KYC due diligence checks place enormous time and cost burdens on banks and other financial institutions, and those burdens are only growing as a result of recent updates made to EU anti-money laundering laws.
At the moment, financial institutions have to perform KYC independently, and upload the validated information and documents to their central registry where the digitalised data is stored and tagged to a unique identification number for each client.
An inter-bank KYC blockchain-based registry has the potential to remove the duplication of effort concerning KYC checks. Decentralised, centralised and hybrid blockchains are being investigated as potential solutions by banks, but most projects are largely still at proof of concept stage.
Benefits of a blockchain-based solution
An inter-bank KYC blockchain-based registry could enable encrypted updates to client details to be distributed to all banks in near real-time. This is one of the major benefits that such a system would provide.
The KYC ledger would provide a historical record of all documents shared and compliance activities undertaken for each client. This would form the evidence to be provided to the regulators.
Further important characteristics of KYC are digital identities and digital signatures. Digital identity tokens could be used to store relevant information about the customer such as addresses, account details, or any such identification information which could be used during AML/transaction monitoring, thus increasing accuracy.
However, there are already working non-blockchain-based digital signature and digital identification solutions in the market today which are used for signing contracts. It is therefore arguable whether a blockchain solution would provide any additional benefit in this respect.
There are a number of other perceived benefits of a KYC blockchain solution, however few are tried and tested.
For the consumer, there is the promise of enhanced customer experience through only having to submit documentation once, as well as increased security of their data. For banks, a cross-industry solution offers the potential to reduce operational costs as a result of not having to duplicate KYC processes.

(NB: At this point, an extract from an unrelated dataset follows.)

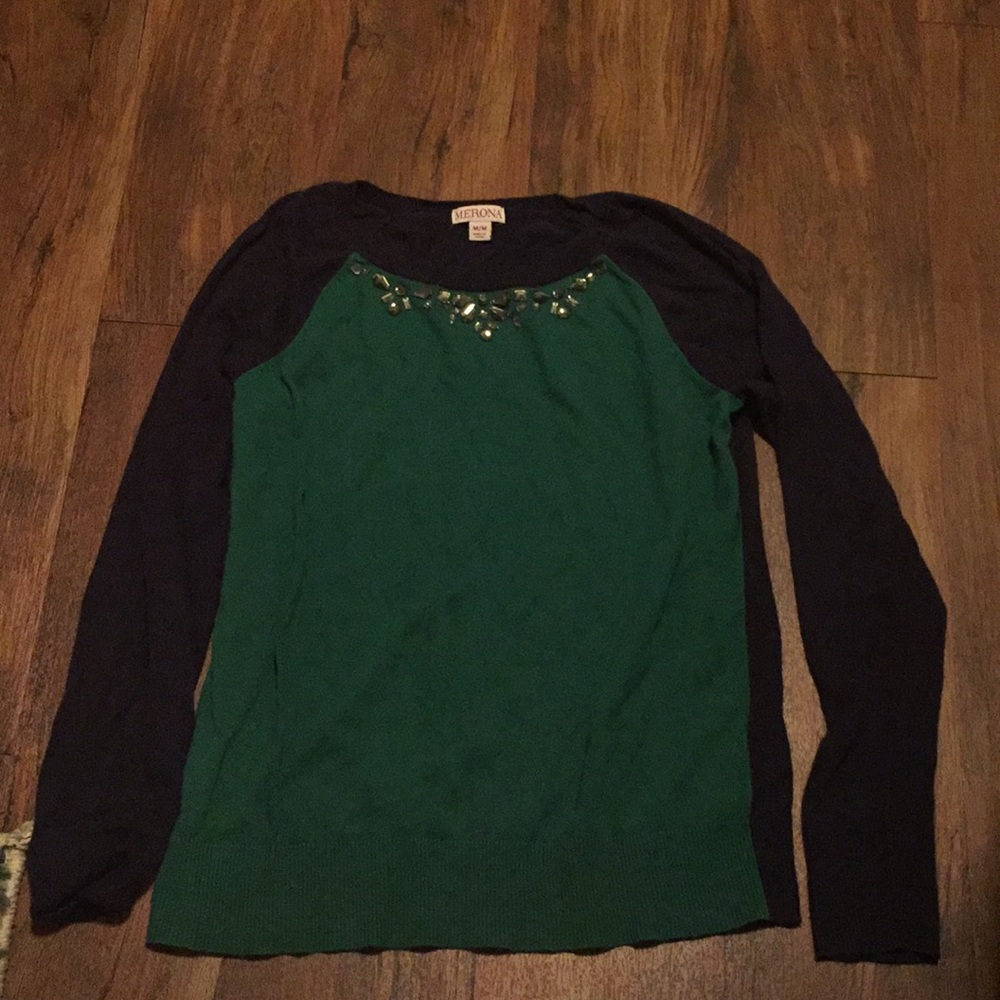 Merona sweater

The opportunity to share fraudulent transaction details increasing network legitimacy and, for the regulator, a continuous and transparent audit trail of all transactions, are further potential benefits.
Practical questions remain unanswered
There are a number of questions yet to be answered about how an inter-bank KYC blockchain-based registry would work in practice, including, most importantly, what type of blockchain framework would be most appropriate.

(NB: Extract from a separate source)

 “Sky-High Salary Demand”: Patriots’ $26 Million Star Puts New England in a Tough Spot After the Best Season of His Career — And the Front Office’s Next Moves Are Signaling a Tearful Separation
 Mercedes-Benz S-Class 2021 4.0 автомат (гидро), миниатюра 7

One option might be to have a distributed, decentralised central KYC registry accessible and updated by all network participants. Another option might be for a distributed, centralised blockchain to operate where a single or multiple trusted authorities update the KYC data that all the network participants rely upon.
A hybrid blockchain could also be envisaged where a combination of corporate and other stakeholders update and verify KYC data with varied permissions. However, it is not entirely clear how this use case would evolve.

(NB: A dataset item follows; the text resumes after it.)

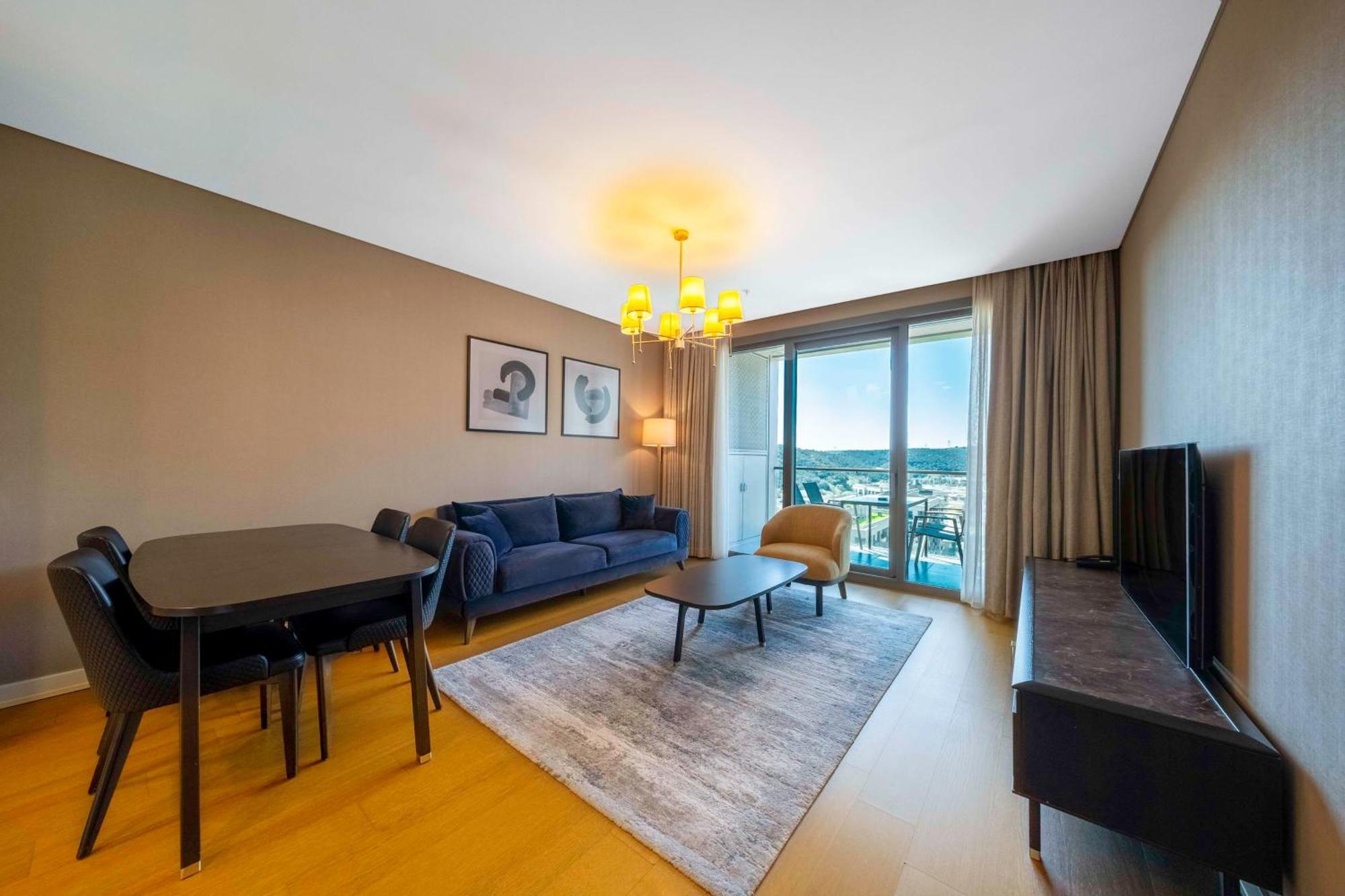 Radisson Residences Vadistanbul Ngoại thất bức ảnh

The limitations of third party verifications is a barrier to adoption
There are also clear limitations concerning an inter-bank KYC blockchain proposition. In practice, there would have to be consensus amongst all bank participants with regard to the standard of KYC carried out.
In reality, would Bank A rely solely on Bank B's KYC checks of a particular investor, individual or business, without verifying the results for themselves? Would Bank C rely on Bank D's historical data with complete confidence? It is unlikely in our view.
Blockchains, in their most basic form, are simply databases and the information recorded on them can only be as good as the source that verified the data in the first place, particularly with regard to distributed centralised blockchains which would probably be the most appropriate blockchain format for this KYC proposition. That means total reliance on a third party. It seems doubtful that any bank would take on this risk.
Overall, a blockchain-based KYC registry is an interesting concept still in its infancy. However, because banks are unlikely to take on the risk of relying on third party data it undermines the potential use case for a blockchain-based KYC registry proposition in the banking sector.
Charlie Clarence-Smith is a specialist in blockchain technology and regulation at Pinsent Masons, the law firm behind Out-Law.com.